This recipe appears in Un-Wine’d, which airs Saturdays at 1:00 p.m. on VPM PBS. Watch past seasons and current episodes on the PBS app or PBS website. Check the broadcast schedule for local listings. Discover more recipes here.
What You’ll Need:
- 12 ounces butter, softened to room temperature
- 1 3/4 to 2 cups white sugar (I prefer 1 ¾ c)
- 6 eggs at room temperature
- 1 teaspoon anise extract
- 2 teaspoons vanilla extract
- 6 cups all-purpose flour
- 1/2 teaspoon iodized salt
- 2 teaspoons baking powder
8 ounces chopped hazelnuts
Directions:
Step 1: Preheat oven to 350 degrees for convection ovens and 375 degrees for convection.

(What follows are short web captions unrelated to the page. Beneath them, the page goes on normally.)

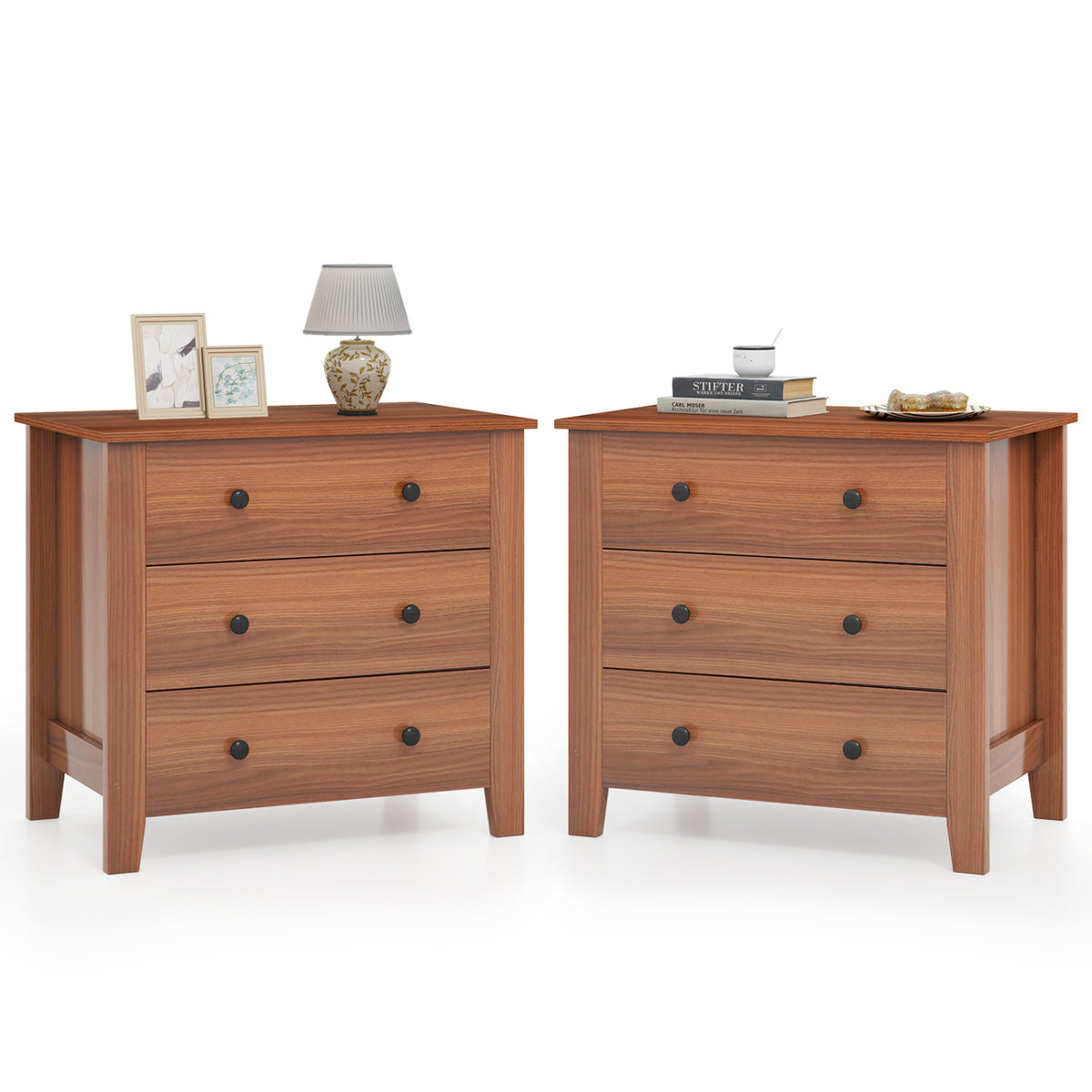 2-Pack 3 Drawer Dresser Chest Walnut (min order qty 2)-Dressers & Chests-DECOROLALA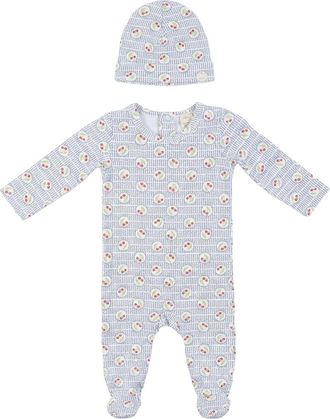 Lola Girl Cherry Print Soft Cotton Modal Romper & Hat Set in White/red at Nordstrom, Size 1M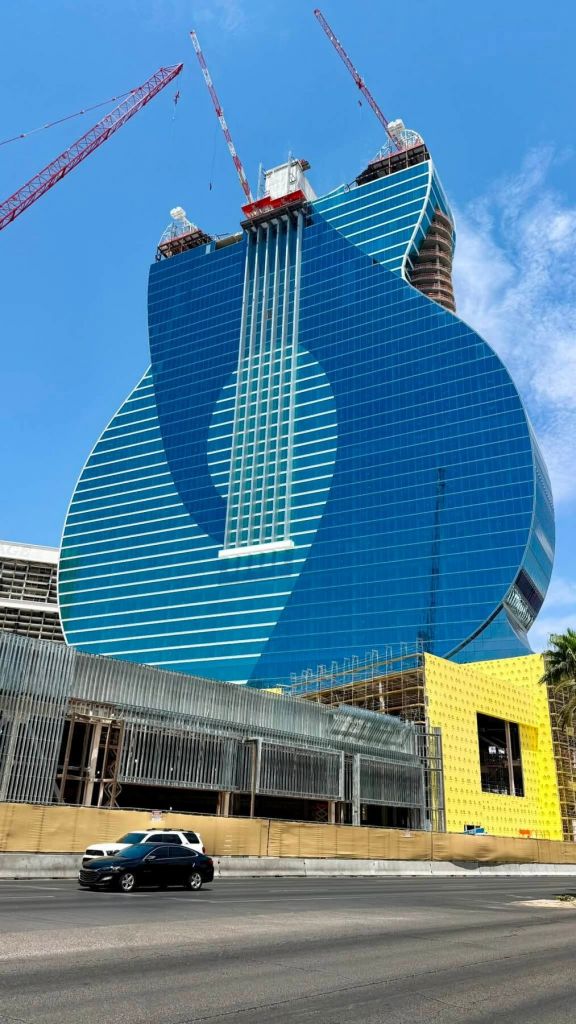 Hard Rock Las Vegas guitar tower construction in August 2026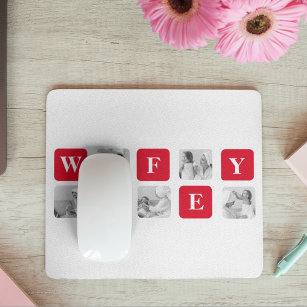 Modern Collage Photo & Red Gift For Lovely Wifey Mouse Pad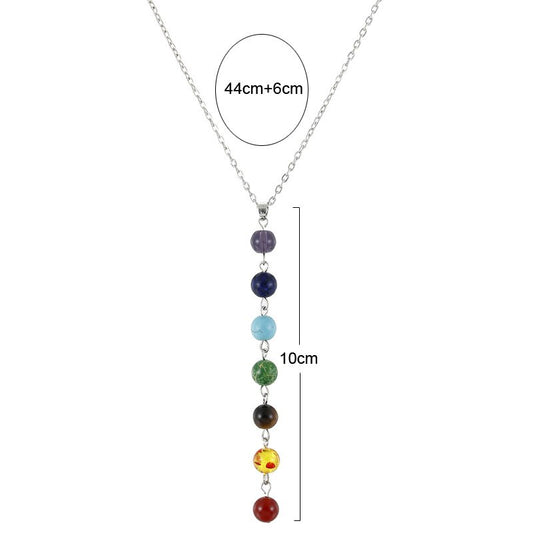 Rainbow 7 Chakras Natural Stone Necklace
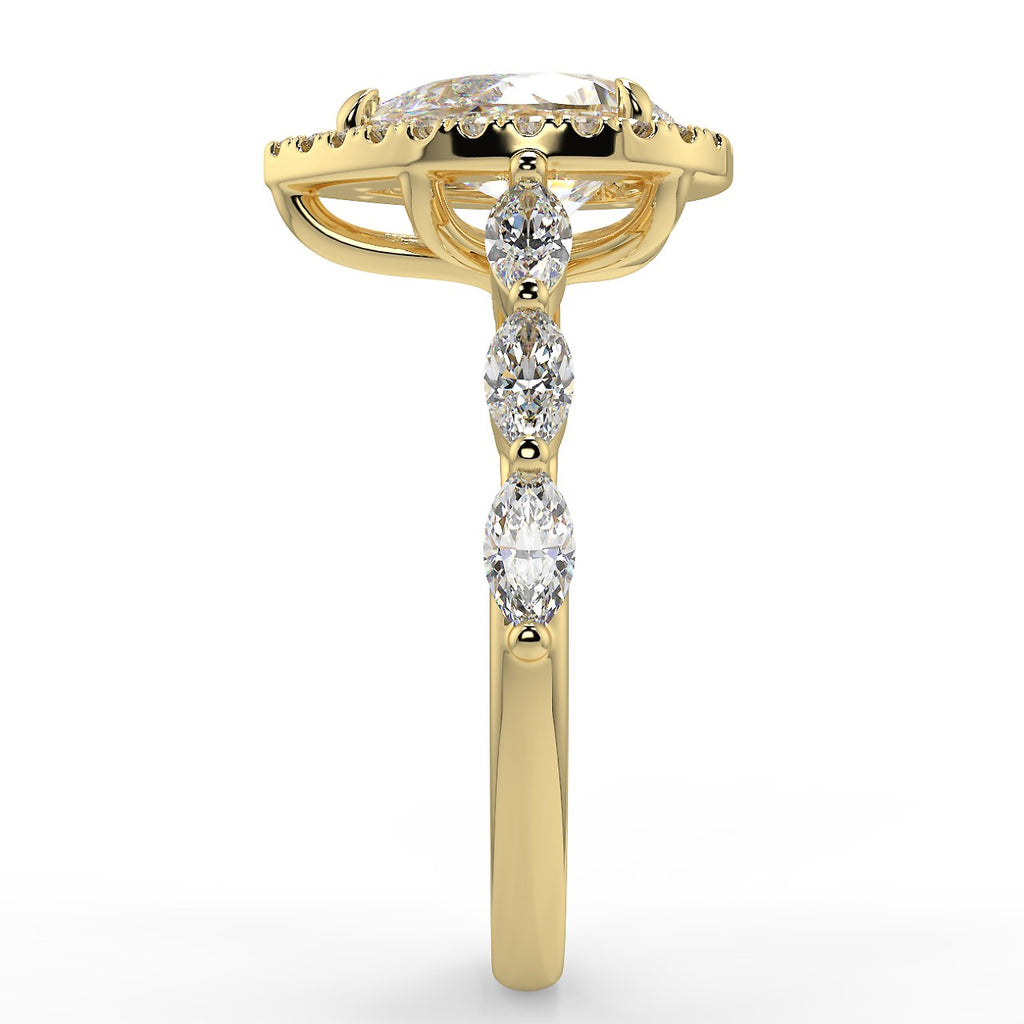 Stunning 0.81 CT Pear Moissanite Engagement Ring with Halo & Pave Design 3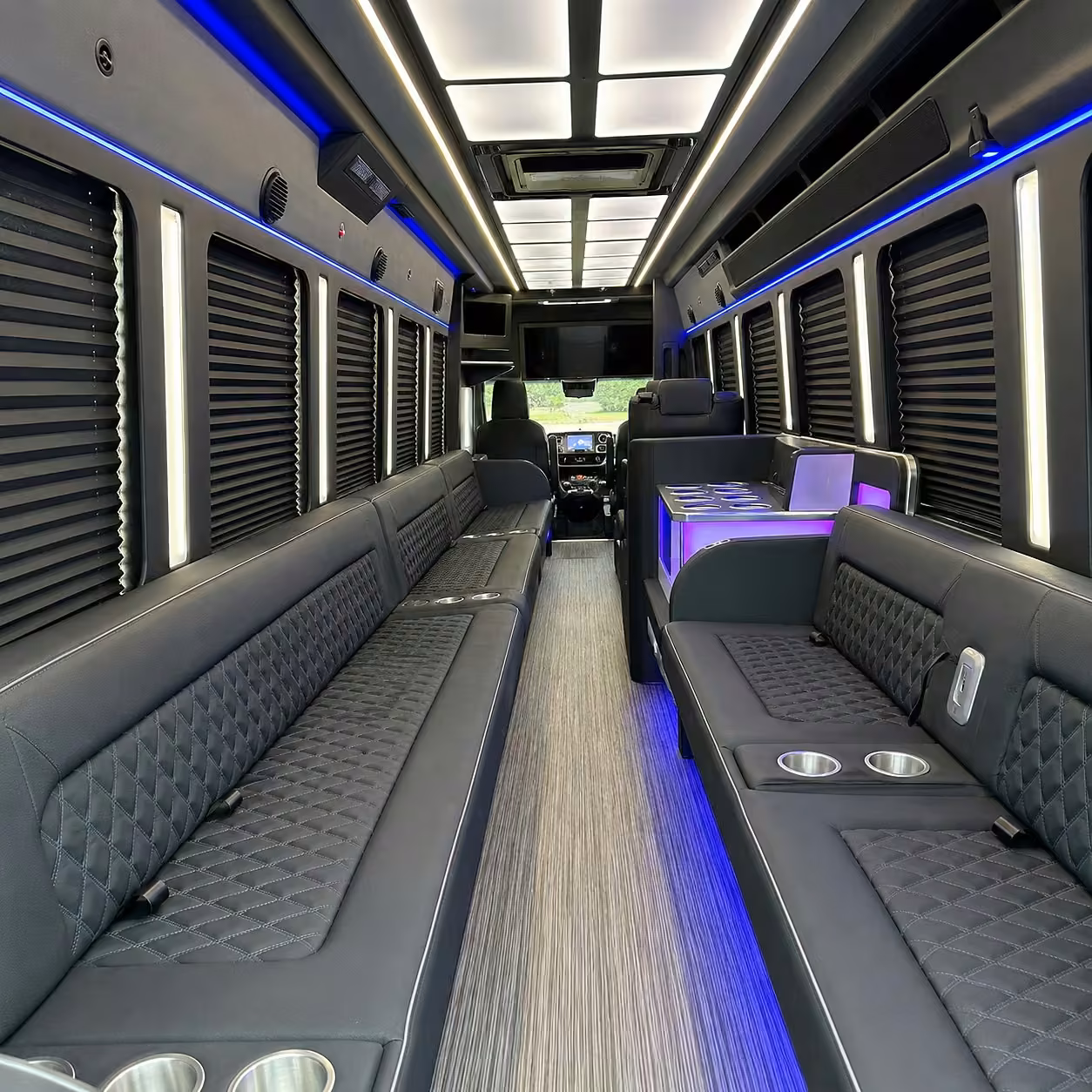 28 passenger party bus inside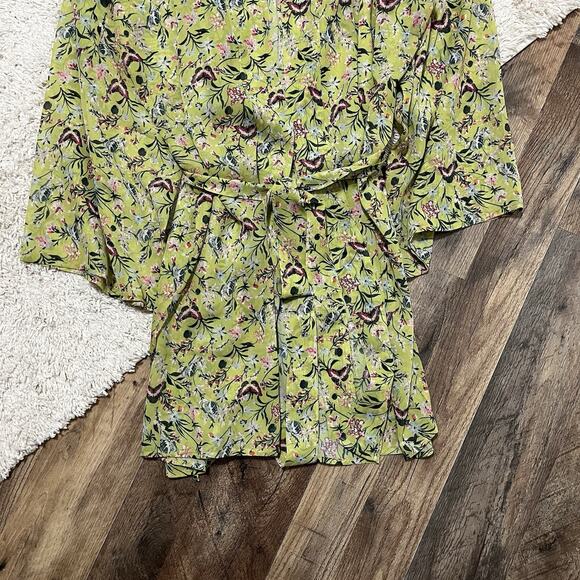 Cacique Lane Bryant 18/20 Green Floral Tie Front Boho Lounge Chiffon Robe NWT - Picture 3 of 7
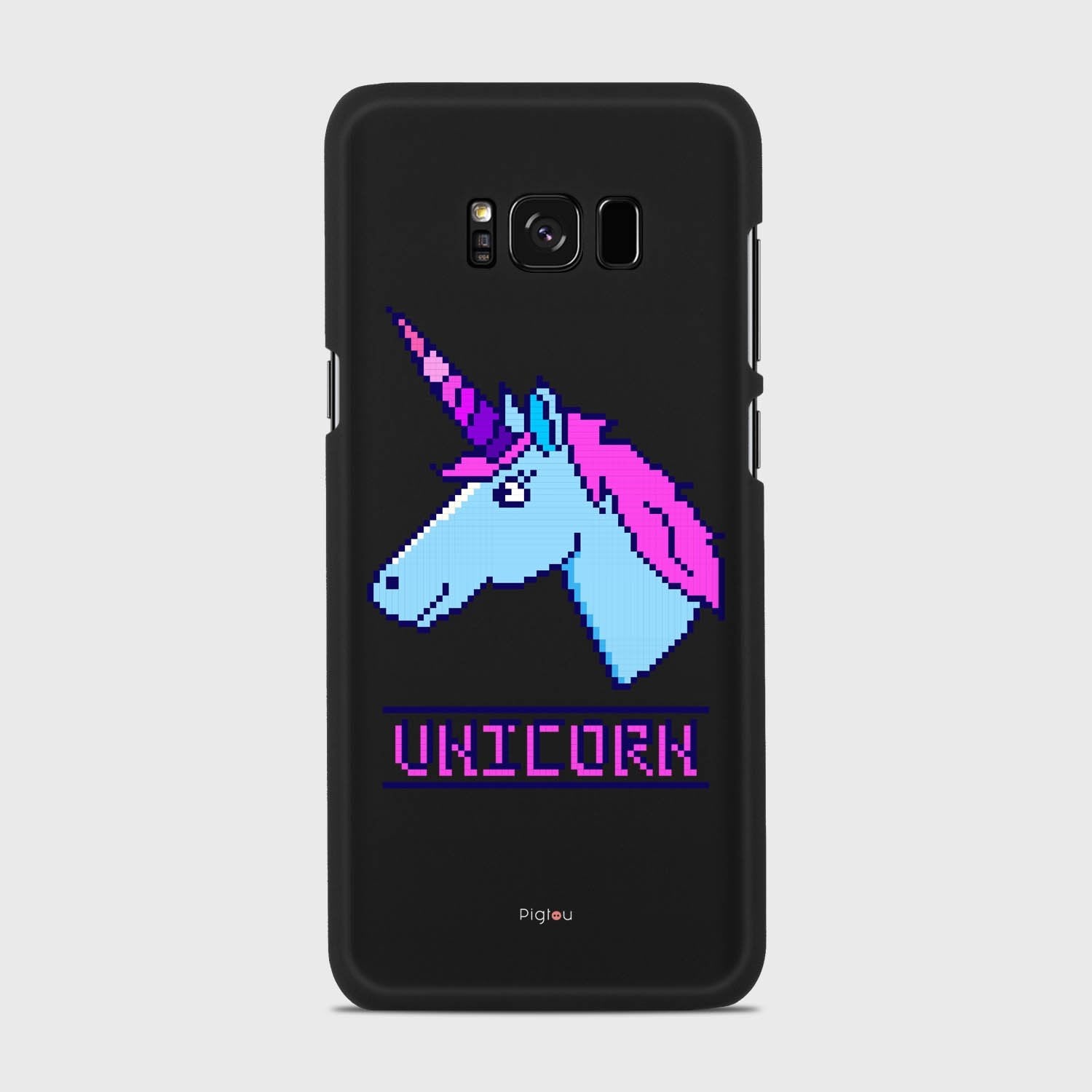 PIXELATED UNICORN Samsung Galaxy S8 Plus case - thin fit matte black (D109)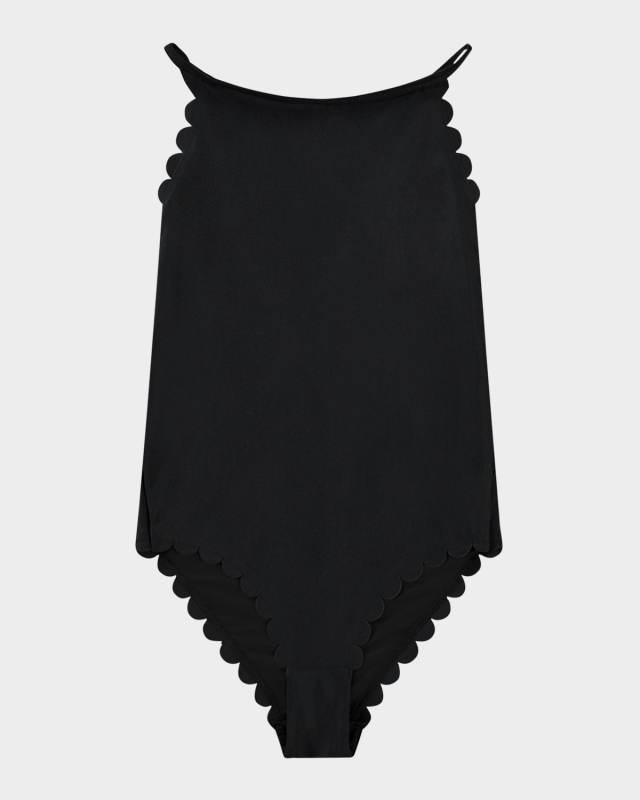 Girl's Noelle Scalloped One-Piece Swimsuit, Size 5-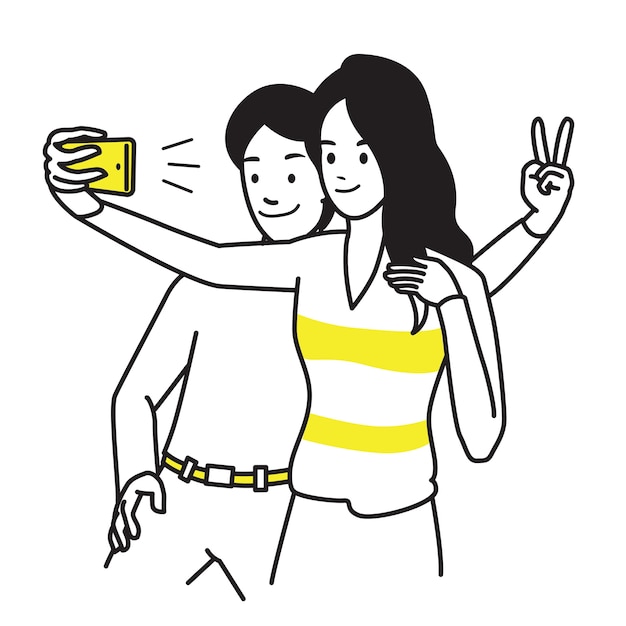 portrait character of young man and woman, holding smartphone, making selfie photo with smile and happiness.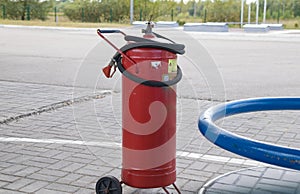 The fire extinguisher is charged and ready for use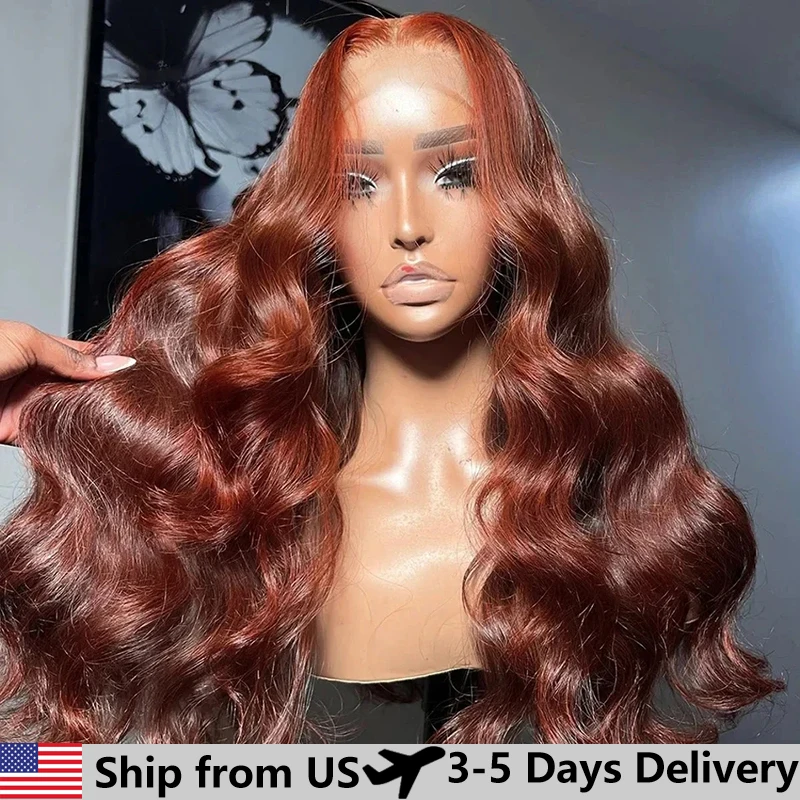 13x4 Reddish Brown Body Wave Lace Frontal Human Hair Wig Pre Plucked Hd Lace Frontal Wigs Colored Brazilian Human Hair Wigs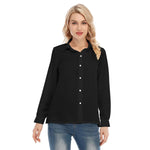 Black  All-Over Print Women's Loose Elastic-Back Shirt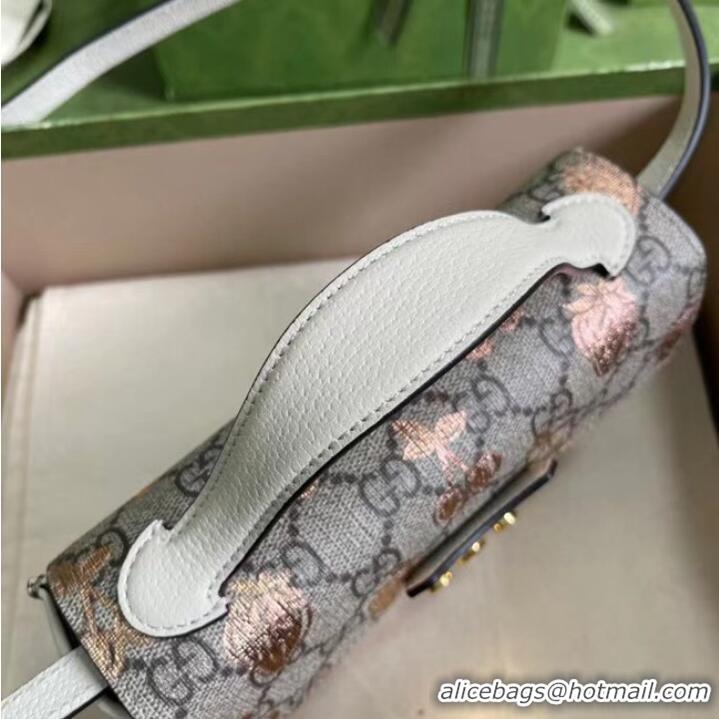 Promotional Gucci Padlock berry print mini bag 652683 White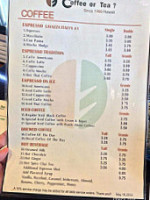 Coffee Or Tea menu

Step 2: In a large bowl, cream the butter and sugar together. Add eggs one at a time beating after each addition. Stir in the anise and vanilla extracts.
Step 3: Mix together the flour, baking powder, and salt. Pour the flour mixture into the mixing bowl with the butter mixture and, if using an electric mixer, cover with a towel to prevent the flour from flying all over the room. Stir in the hazelnuts and move the dough to a lightly floured board.
Step 4: Gently knead the dough then divide the dough into 2 parts. Roll each piece into a log about 15 to 18 inches long. Place the dough logs onto a large, parchment-lined cookie sheet about 5 inches apart. If your cookie sheets are smaller, place one log on each sheet diagonally to give space. Gently pat the logs flat so they are about 1 inch thick.
Step 5: Bake for 35 minutes then remove from the oven to cool.
Step 6: When cool, cut the loaves into ¾ inch thick slices and place slices on a parchment-lined cookie sheet. Bake at 250 (or 375 for conventional oven) for 8 minutes then turn and bake for an additional 8 minutes. Turn the oven off and set the door ajar. Allow the biscotti to continue to crisp in the oven.
Step 7: Great plain or dipped in chocolate.